::: Material shown
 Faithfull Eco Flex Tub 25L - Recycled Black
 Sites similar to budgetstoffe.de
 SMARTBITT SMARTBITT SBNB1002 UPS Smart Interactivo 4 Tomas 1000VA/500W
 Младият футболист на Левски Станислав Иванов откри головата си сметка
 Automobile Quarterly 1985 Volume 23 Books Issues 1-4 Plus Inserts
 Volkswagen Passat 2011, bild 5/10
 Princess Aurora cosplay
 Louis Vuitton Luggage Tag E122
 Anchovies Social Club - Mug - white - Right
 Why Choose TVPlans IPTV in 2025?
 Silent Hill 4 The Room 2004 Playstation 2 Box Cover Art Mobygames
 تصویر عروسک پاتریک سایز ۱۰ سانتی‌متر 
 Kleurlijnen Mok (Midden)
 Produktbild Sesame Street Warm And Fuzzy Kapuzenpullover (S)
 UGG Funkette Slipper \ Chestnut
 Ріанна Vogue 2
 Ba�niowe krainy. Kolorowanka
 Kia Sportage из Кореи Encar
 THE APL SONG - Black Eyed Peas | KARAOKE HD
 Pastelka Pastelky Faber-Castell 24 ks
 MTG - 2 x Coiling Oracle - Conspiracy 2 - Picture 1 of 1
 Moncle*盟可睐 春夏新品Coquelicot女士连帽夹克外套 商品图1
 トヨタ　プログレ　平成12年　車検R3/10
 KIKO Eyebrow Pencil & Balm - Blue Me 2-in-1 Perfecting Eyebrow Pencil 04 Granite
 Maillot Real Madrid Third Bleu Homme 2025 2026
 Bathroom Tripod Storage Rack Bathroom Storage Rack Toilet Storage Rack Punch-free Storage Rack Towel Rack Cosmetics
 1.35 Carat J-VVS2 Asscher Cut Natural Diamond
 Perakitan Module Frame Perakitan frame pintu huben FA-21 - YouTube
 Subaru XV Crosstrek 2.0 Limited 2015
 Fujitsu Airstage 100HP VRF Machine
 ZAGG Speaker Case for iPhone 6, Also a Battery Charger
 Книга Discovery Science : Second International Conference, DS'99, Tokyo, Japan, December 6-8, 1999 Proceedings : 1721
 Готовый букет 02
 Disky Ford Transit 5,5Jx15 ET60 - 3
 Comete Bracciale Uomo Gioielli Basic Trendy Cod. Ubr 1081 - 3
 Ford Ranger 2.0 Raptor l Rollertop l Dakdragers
::::::
#### [What the task requires]
Your answer should be the lines of the listing above between the line holding "THE APL SONG - Black Eyed Peas | KARAOKE HD" and the line holding "Maillot Real Madrid", inclusive, restated word for word and alone.

#### [Result below]
 THE APL SONG - Black Eyed Peas | KARAOKE HD
 Pastelka Pastelky Faber-Castell 24 ks
 MTG - 2 x Coiling Oracle - Conspiracy 2 - Picture 1 of 1
 Moncle*盟可睐 春夏新品Coquelicot女士连帽夹克外套 商品图1
 トヨタ　プログレ　平成12年　車検R3/10
 KIKO Eyebrow Pencil & Balm - Blue Me 2-in-1 Perfecting Eyebrow Pencil 04 Granite
 Maillot Real Madrid Third Bleu Homme 2025 2026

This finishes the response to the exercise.